Bears Fans Agree on ESPNNearly four hours of football coverage today from NFL Live to NFL Primetime to Monday Night countdown and not one person managed to say a nice thing about the Bears.  Oh no they barely showed Bears high lites and then they cut to the next set of high lites involving the Patriots' loss to the Jets.  From there it was analysis time regarding how bad the Pats played and how good Mark Sanchez will be.

Nope no time to talk about the Bears and how they knocked off the Steelers or how Cutler led the Bears' offense 97 yards down the field, the longest scoring drive against the  Steelers in three years.  No talk about how the no name receivers came up big for Cutler against this defense.  Best to just ignore the fact that this ever happened, ignore that Cutler looked great, ignore the second largest media market in the country.  Ignore that the Bears knocked off the defending world champions.
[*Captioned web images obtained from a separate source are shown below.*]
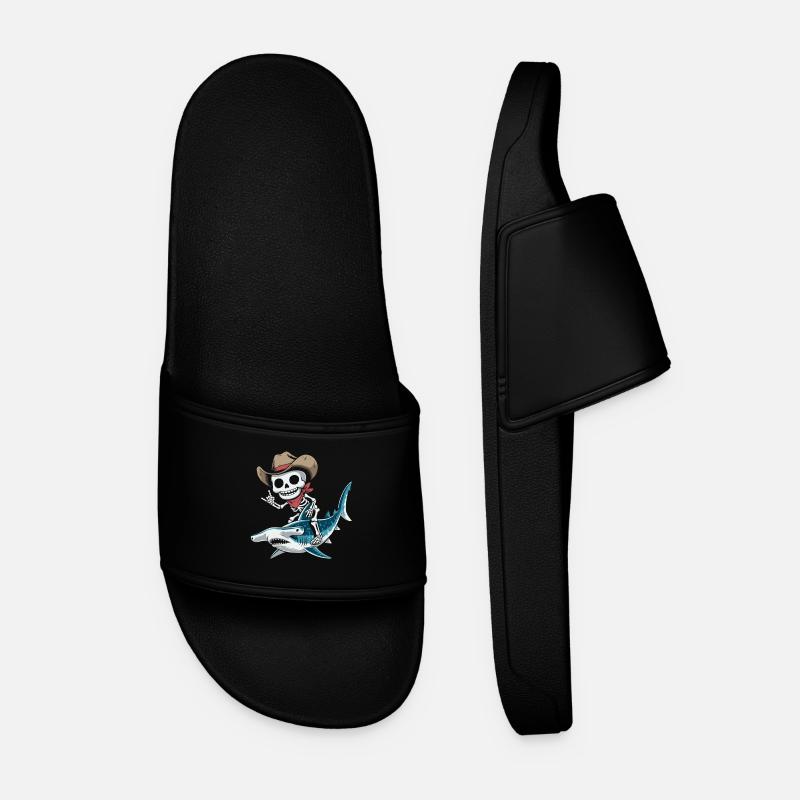 Skeleton cowboy riding hammerhead shark - Men’s Pool Sliders - black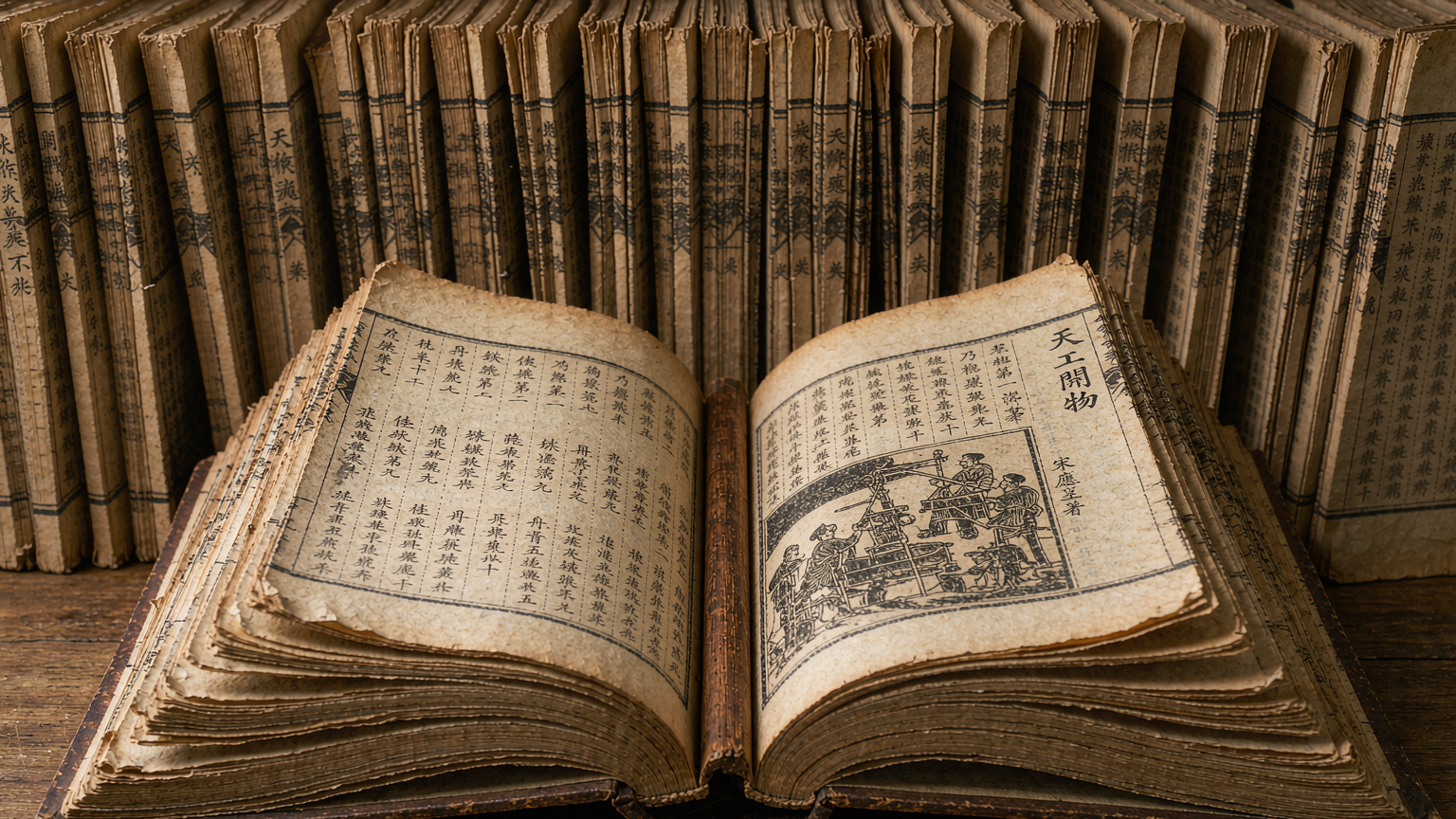 AI 生成示意图：明代古籍风格书影，《天工开物》原书影请以中华书局影印本为准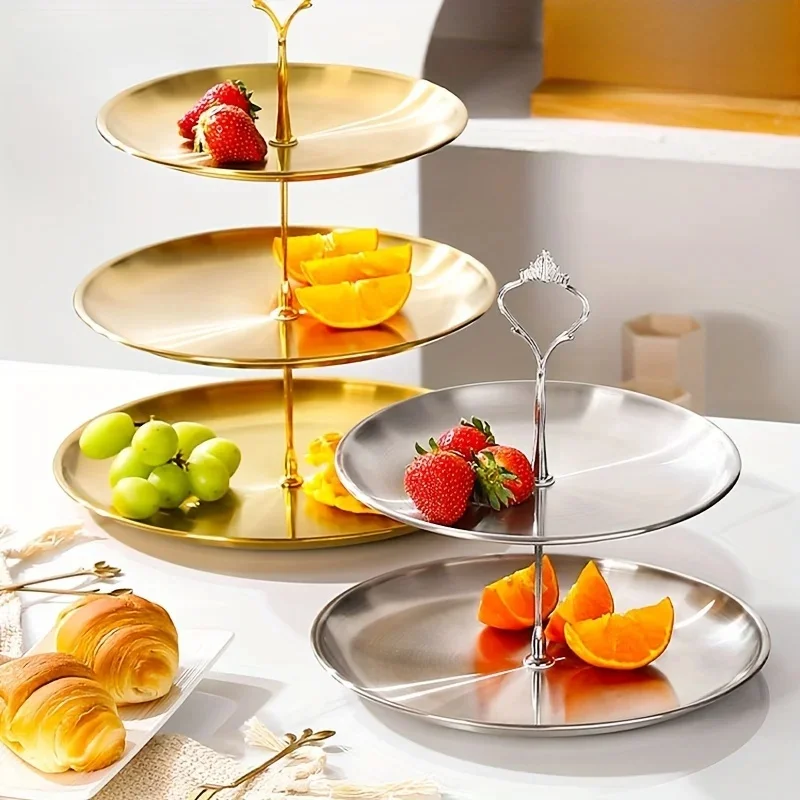 Support à gâteau en acier inoxydable à 2/3 couches, poignées de restaurant, dessert amovible, assiette de fruits en or et en argent, collation et bonbons, T1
ESPN chose to just ignore the fact that the Bears and Jay Cutler proved them wrong and proved them to look like the biased out of touch sports network that they are.  Full of their own sport analysis egos, and  their boo ya shucka foos from Stewart Scott and Rumbling Bumbling Stumbling Chris Berman, ESPN doesn't do reporting or analysis.  They do personalities and a circus act, full of a bunch of clowns.